> Dataset excerpt
····················

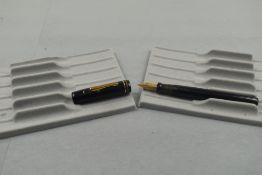 A Conklin leverfill fountain pen in black with two narrow bands to the cap having Conkin Toledo nib.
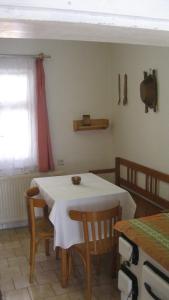 a dining room with a table and chairs and a window at Chalupa Pribylina in Pribylina
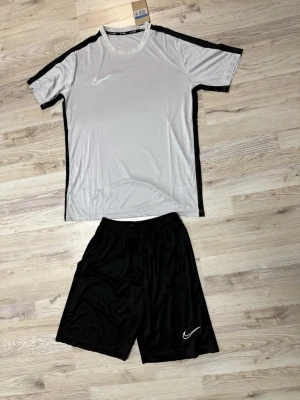 Nike träningsset svart och vitt - Snyggt träningsset från Nike med en vit t-shirt med svarta detaljer längs sidor och ärmar samt ett par svarta shorts. Båda plaggen har Nike-loggan tryckt framtill. Perfekt för gymmet eller fotbollsträningen. Tillverkade i ett lätt och snabbtorkande material.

····················

> Exercise description
Take the material above and set it down exactly, minus the images.

> Task response
 A Conklin leverfill fountain pen in black with two narrow bands to the cap having Conkin Toledo nib.
 a dining room with a table and chairs and a window at Chalupa Pribylina in Pribylina
 Nike träningsset svart och vitt - Snyggt träningsset från Nike med en vit t-shirt med svarta detaljer längs sidor och ärmar samt ett par svarta shorts. Båda plaggen har Nike-loggan tryckt framtill. Perfekt för gymmet eller fotbollsträningen. Tillverkade i ett lätt och snabbtorkande material.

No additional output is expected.